Minggu, 07 Agustus 2011

Wayang Kulit

Ki Mantep Sudharsono - Dalang Wayang Kulit
Wayang Kulit diperkirakan sudah ada sejak sekitar abad ke IX. Dalam prasasti Bebetin yang berangka tahun Çaka 818 ( 896 M), dari zaman pemerintahan raja Ugrasena di Bali, ditemukan sejumlah istilah seni pertunjukan yang diyakini berarti wayang atau pertunjukan wayang (baca : Serba Neka Wayang Kulit Bali, 1975).

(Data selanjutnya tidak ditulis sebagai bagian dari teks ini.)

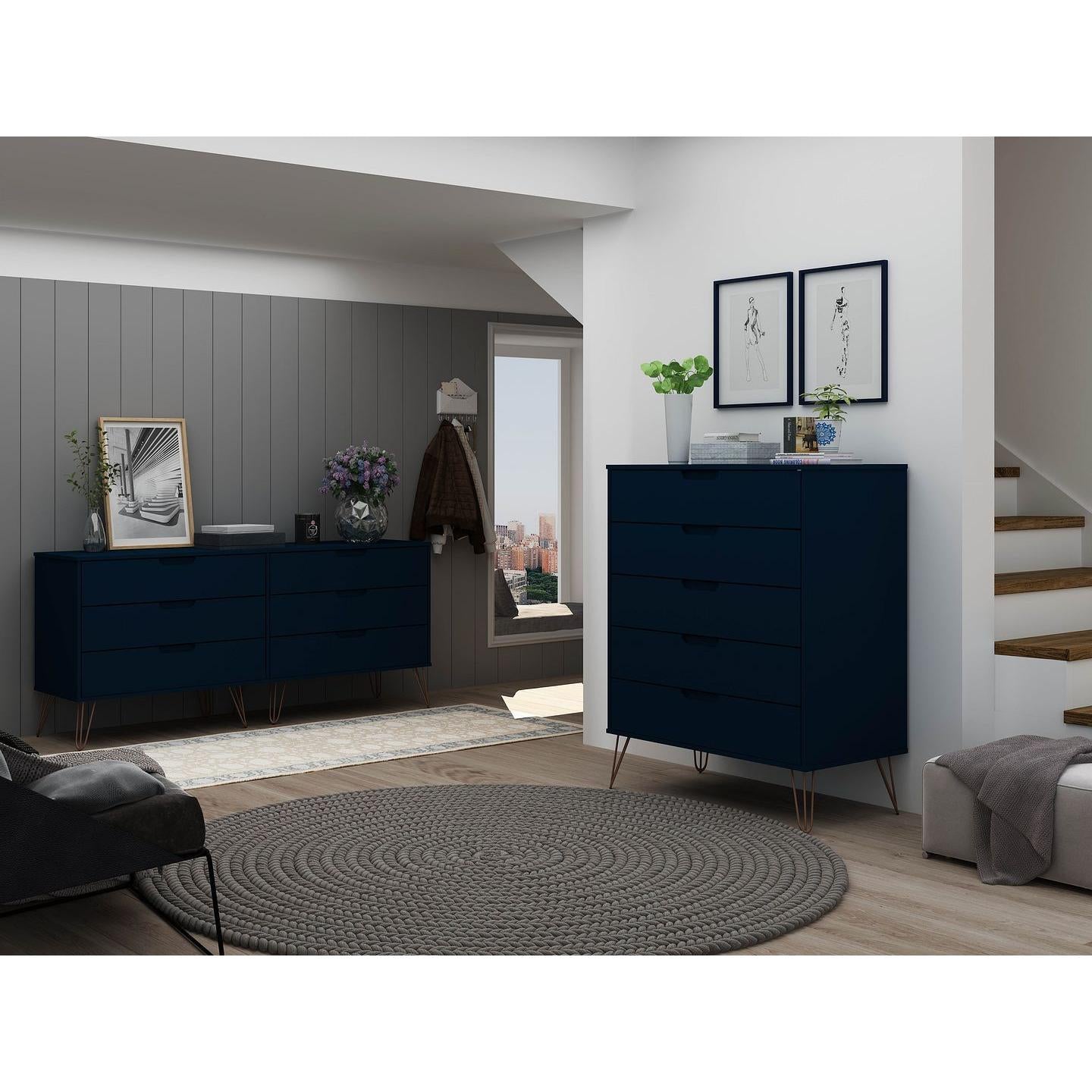 Manhattan Comfort Rockefeller 5-Drawer & 6-Drawer Tatiana Midnight Blue Dresser Cabinet Set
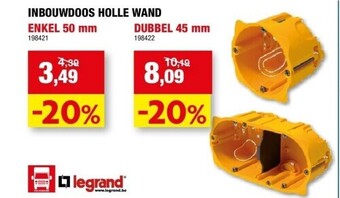 Hubo Inbouwdoos holle wand dubbel 45 mm aanbieding
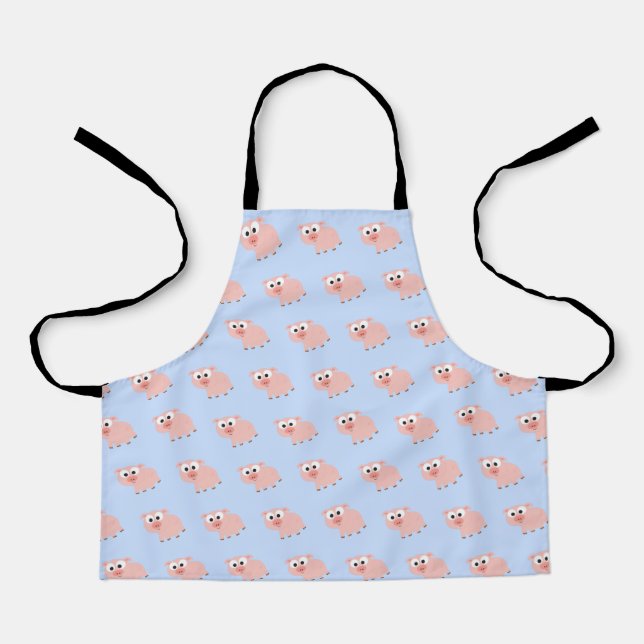 Cute Cartoon Pink Pig Pattern Apron (Front)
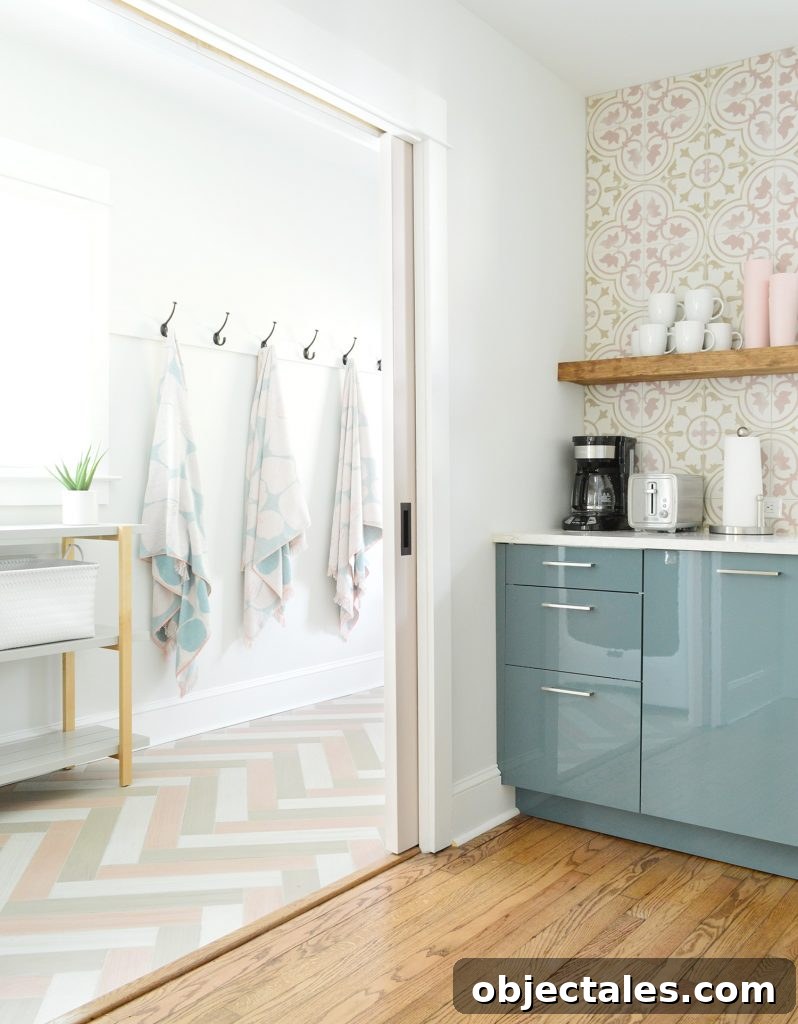 Hangin Towels Seen Through Kitchen Pocket Doors Into Mudroom
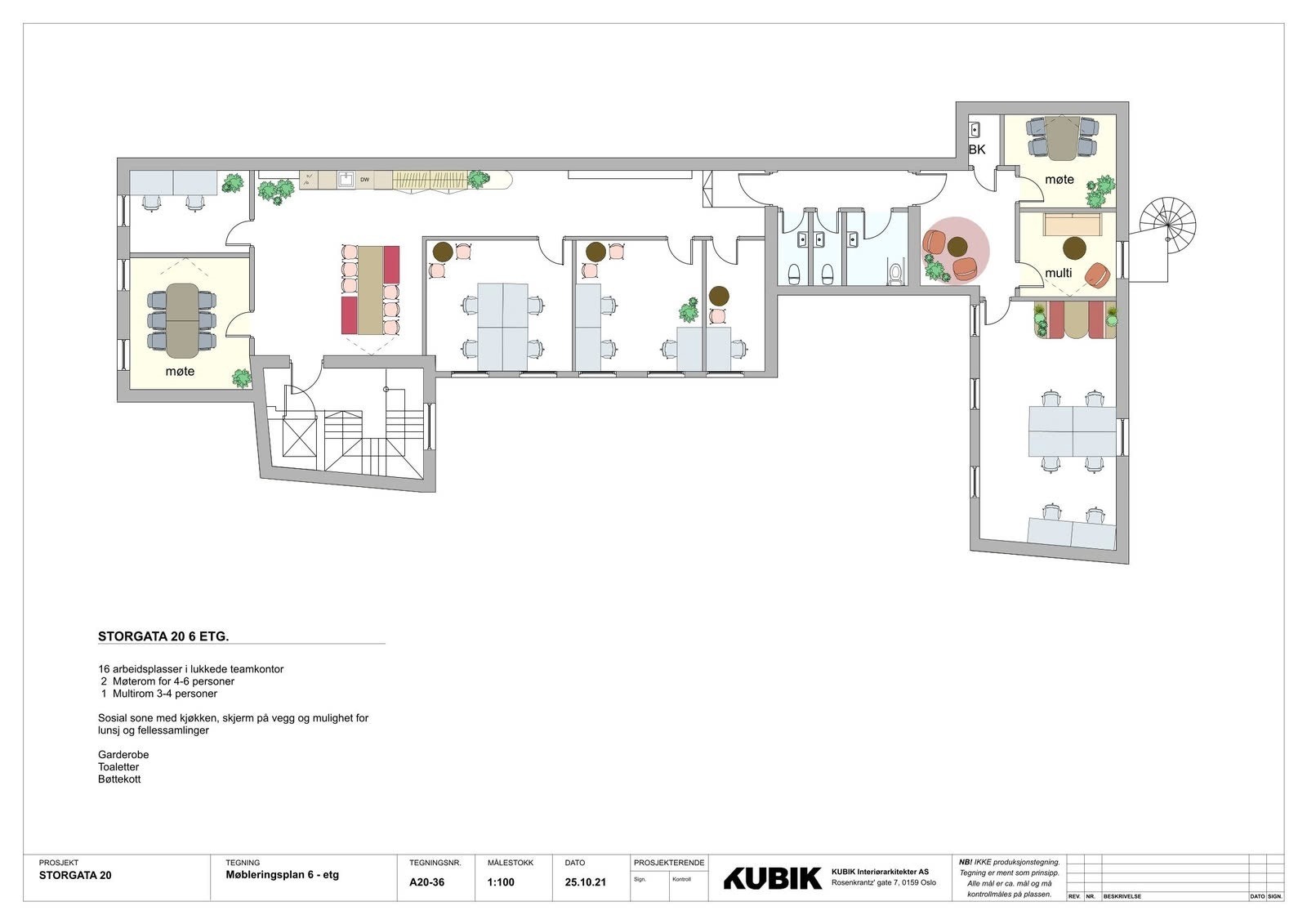Eksempel på plantegning - 6 etg Galleribilde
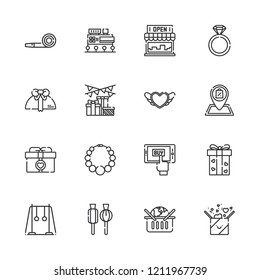Collection of 16 gift outline icons include icons such as party blower, rings, gift, necklace, shop, store, lollipop, mall, mobile shopping, online shopping, engagement ring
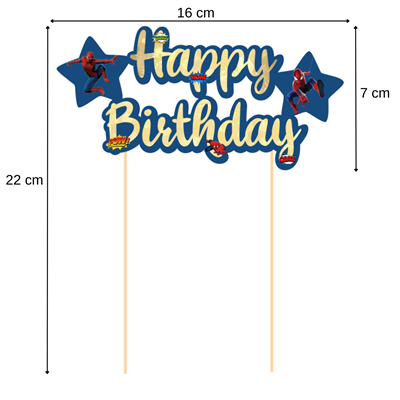 Örümcek Adam Temalı Happy Birthday Kaligrafi Pasta Üstü Süs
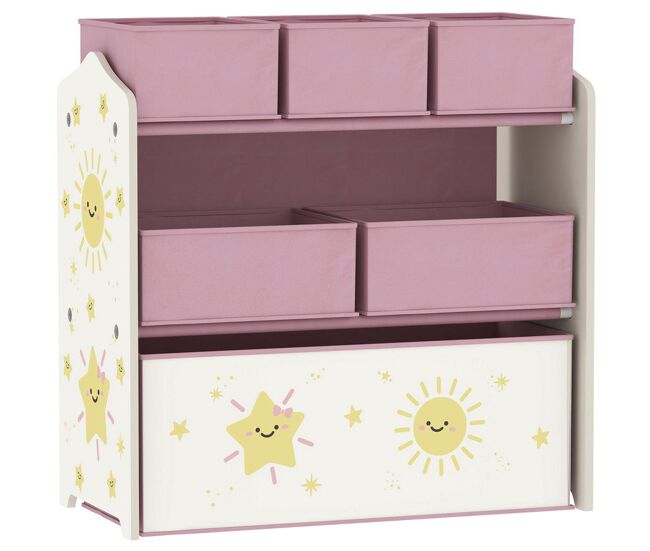 Aiyaplay étagère infantil para brinquedos com 6 caixas em tecido não tecido organizador de brinquedos de 3 níveis para quarto infantil sala de jogos escola infantil 63x30x66 cm rosa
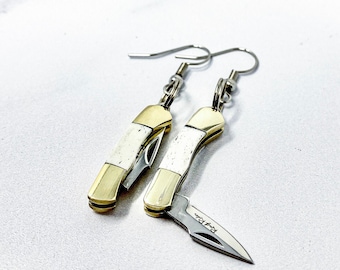 Mini Pocket Knife Earrings- Stainless Steel Blade, Abalone Handle, Gold, Silver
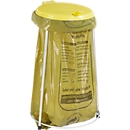 Support pour sac poubelle de 70 litres, structure galvanisée, avec couvercle jaune
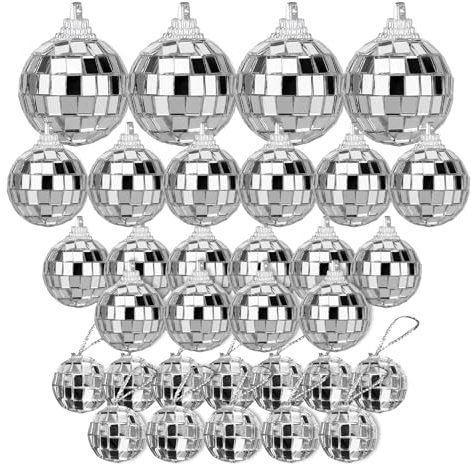 32 Boule Disco Boules À Facettes Mini Boule À Facette Décorations De Boules Disco Convient pour Les Décorations de Sapin de Noël Les Effets Lumineux Les Mariages la Décoration Intérieure Les Fêtes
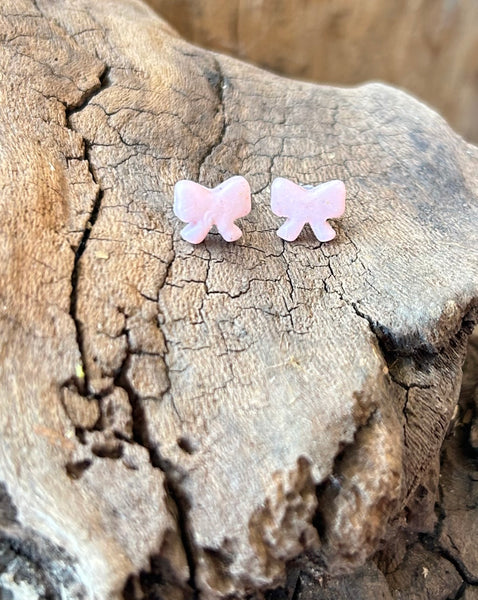 Pink Tulip Bow Post Earrings
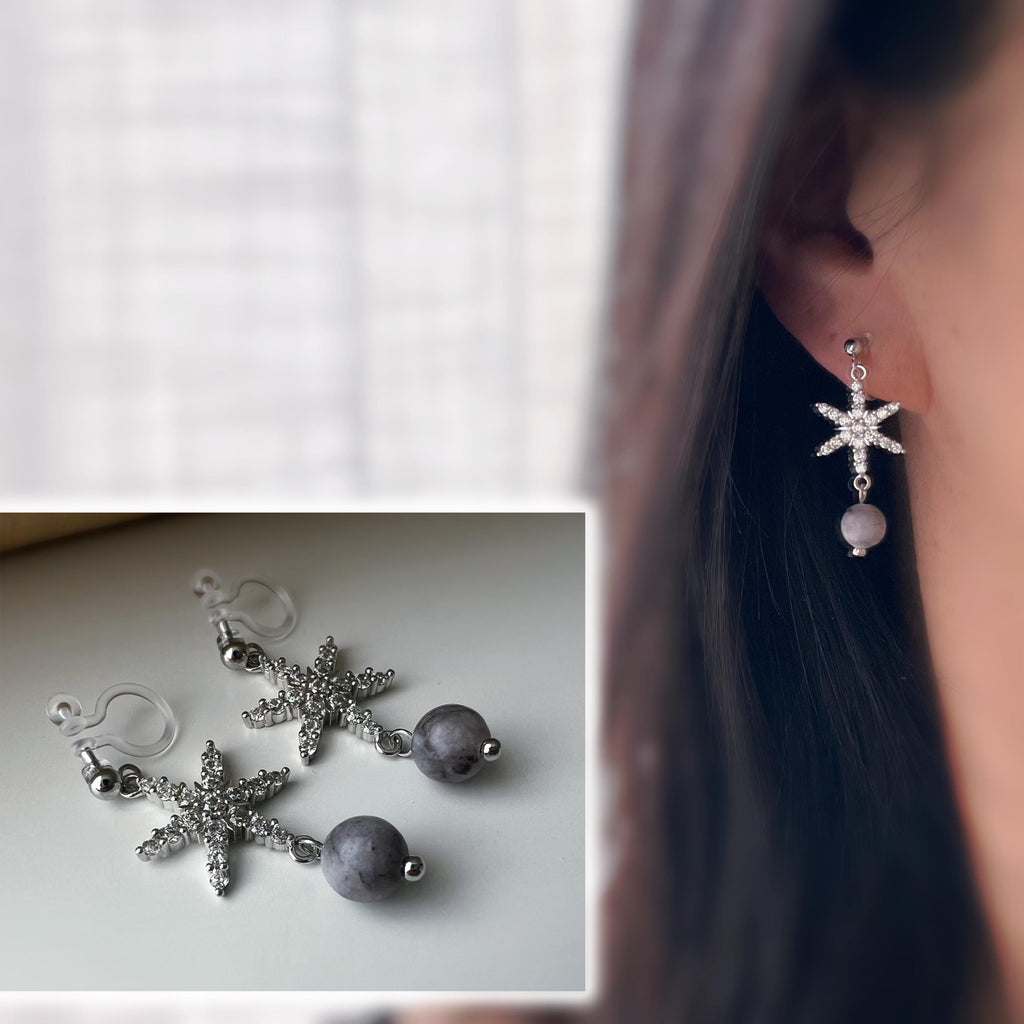 Boucles d'oreilles clip Flocon De Neige ornées strass argenté, perle en pierre naturelle suspendue. Élégante raffinée oreilles non percées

Wayang Kulit sendiri semakin populer dengan masukkanya ajaran Islam ke Indonesia, karena pada jaman itu para walisongo menggunakan kesenian ini untuk berdakwa sehingga terjadi proses akulturasi yang baik tanpa ada permusuhan dalam agama.



Pada jaman itu pertunjukan Wayang kulit merupakan sala satu media pendidikan informal, karena kesenian ini menggabungkan beberapa unsur antara lain, seni rupa, sastra, gerak dan suara. Dengan mengambil karya klasik seperti Mahabarata dan Ramayana, kesenian ini mampu menyajikan pesan kepada penontonnya untuk berbuat baik dan menerapkannya dalam kehidupan sehari hari.
Wayang Kulit

Yang paling berperan dalam kesenian ini adalah sang dalang, dalang yang baik adalah dalang yang mampu menceritakan isi cerita dengan menjalankan sang wayang seperti tampak hidup, kemampuan sang dalang bukan hanya mahir dalam mengpolah cerita dan menggerakan wayangnya, namun tuntuan dari sang dalang ini adalah dia mampu merubah suaranya menjadi berbagai bermacam macam karakternya yang ada dalam cerita tersebut, dan mampu duduk berjam jam selama pertunjukan, biasanya waktu pertunjukan mencapai 12-15 jam tergantung dari cerita yang dibawakannya.

Selain itu dalam  pertunjukan Wayang Kulit melibatkan antara 3 orang sampai 15 orang yang meliputi : dalang, pengiring dan jika diperlukan sepasang pembantu dalang (tututan). Komando tertinggi dalam pertunjukan Wayang Kulit ada pada si dalang. Untuk mementaskan wayang para dalang memerlukan sekitar 125 - 130 lembar wayang yang disimpan dalam kotak wayang (kropak).
Diberdayakan oleh Blogger.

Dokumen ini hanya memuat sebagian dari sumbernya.